Try it:
From the data below, return only the lines from the one with "In this method, what" through the one with "This has been", exact and inclusive, with pictures left out.

Data for the task:
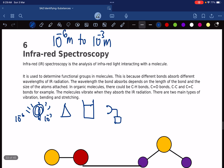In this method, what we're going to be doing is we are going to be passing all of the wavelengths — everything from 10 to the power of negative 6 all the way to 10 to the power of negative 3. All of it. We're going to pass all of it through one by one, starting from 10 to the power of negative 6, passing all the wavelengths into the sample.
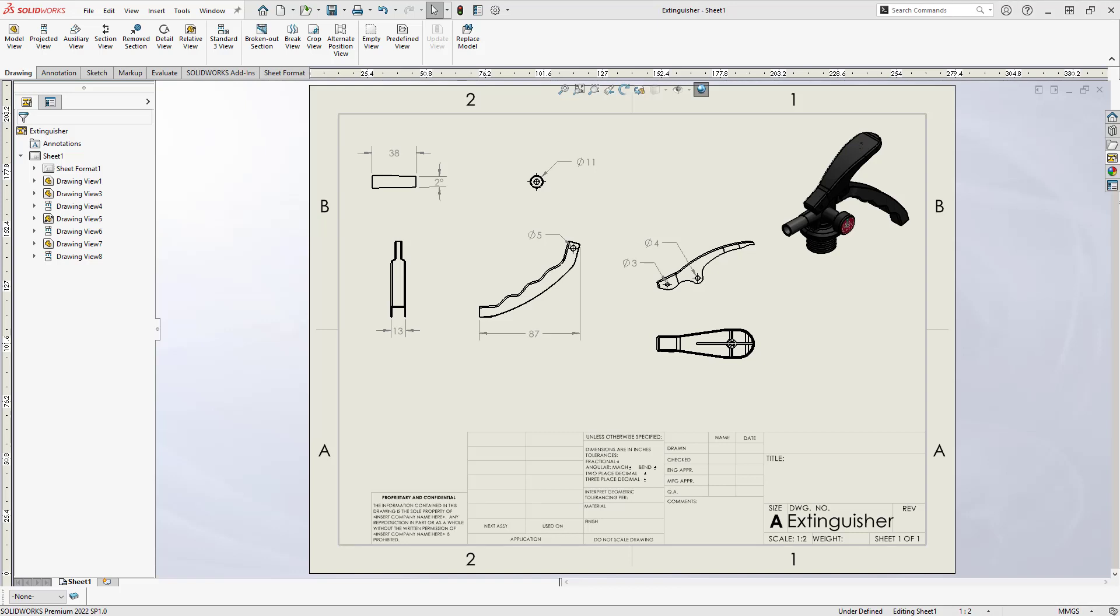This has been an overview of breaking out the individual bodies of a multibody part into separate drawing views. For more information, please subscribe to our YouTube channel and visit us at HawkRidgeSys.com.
---
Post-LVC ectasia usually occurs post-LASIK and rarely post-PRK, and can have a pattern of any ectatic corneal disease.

Task response:
In this method, what we're going to be doing is we are going to be passing all of the wavelengths — everything from 10 to the power of negative 6 all the way to 10 to the power of negative 3. All of it. We're going to pass all of it through one by one, starting from 10 to the power of negative 6, passing all the wavelengths into the sample.
This has been an overview of breaking out the individual bodies of a multibody part into separate drawing views. For more information, please subscribe to our YouTube channel and visit us at HawkRidgeSys.com.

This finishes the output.